PHILIPPINE CITIZENS FROM SPANISH REGIME AND TO THE PRESENT
PHILIPPINE CITIZENS FROM SPANISH REGIME AND TO THE PRESENT
Who are the first “Philippine Citizens”? How does this term first used?
Our constitution, specifically 1935, 1973 and our present 1987 constitution
define who Philippine Citizen is. In one of the decision of the Supreme Court,
in Tecson vs. Comelec, 2004,
it narrated and discussed how it was first conceived, and when it was first
coined. Thus:
The
Local Setting - from Spanish Times to the Present
There was no such term as "Philippine
citizens" during the Spanish regime but "subjects of Spain" or
"Spanish subjects."[13] In church records, the natives were
called 'indios',
denoting a low regard for the inhabitants of the archipelago.
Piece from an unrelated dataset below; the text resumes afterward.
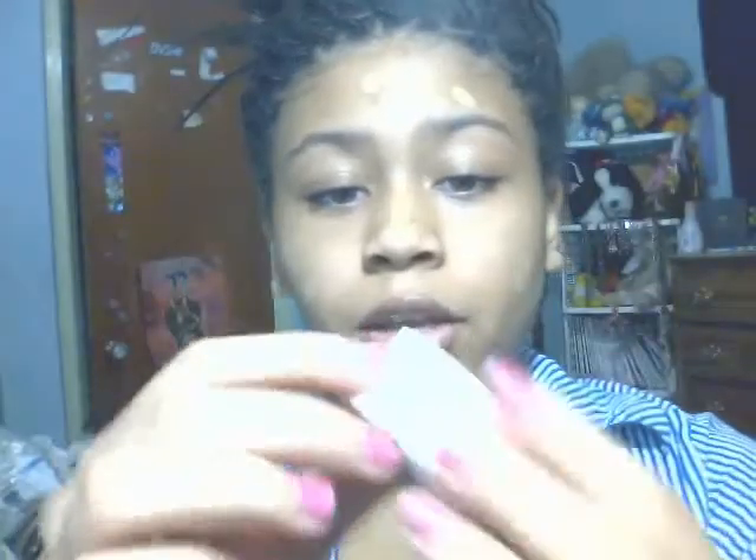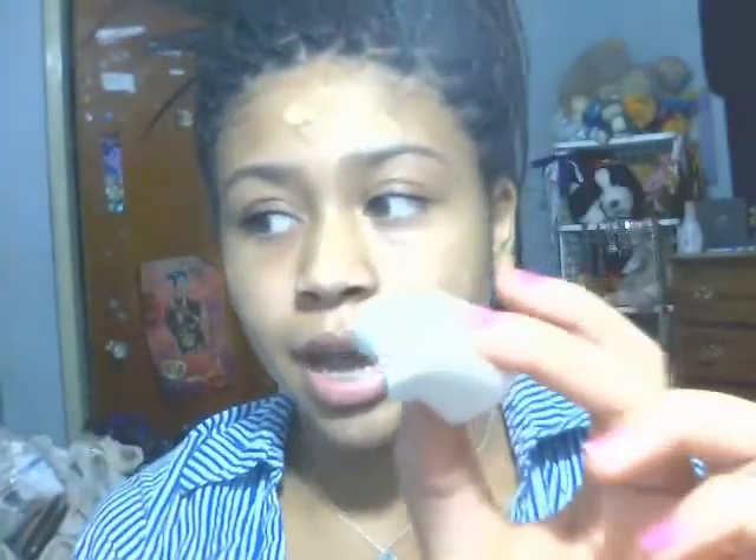I'm going to fold the sponge in half and then go left and then right, just smoothing it across my face, then go down and smooth it across the cheeks. Do the same thing all over your whole face wherever you had applied your foundation.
Spanish laws on citizenship
became highly codified during the 19th century but their sheer number made it
difficult to point to one comprehensive law. Not all of these citizenship laws
of Spain however, were made to apply to the Philippine Islands except for those
explicitly extended by Royal Decrees. [14]
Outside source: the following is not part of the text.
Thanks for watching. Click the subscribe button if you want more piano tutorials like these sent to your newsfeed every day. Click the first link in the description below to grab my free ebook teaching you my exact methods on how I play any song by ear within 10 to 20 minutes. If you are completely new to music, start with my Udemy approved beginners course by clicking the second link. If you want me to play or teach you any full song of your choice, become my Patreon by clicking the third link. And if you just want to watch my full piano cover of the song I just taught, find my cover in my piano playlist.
Spanish laws on citizenship were traced back to the Novisima Recopilacion,
promulgated in Spain on 16 July 1805 but as to whether the law was extended to
the Philippines remained to be the subject of differing views among experts;[15]
however, three royal decrees were undisputably made applicable to Spaniards in
the Philippines - the Order de la Regencia of 14 August 1841,[16]
the Royal Decree of 23 August 1868 specifically defining the political status
of children born in the Philippine Islands,[17] and finally, the Ley
Extranjera de Ultramar of 04 July 1870, which was expressly made applicable to
the Philippines by the Royal Decree of 13 July 1870.[18]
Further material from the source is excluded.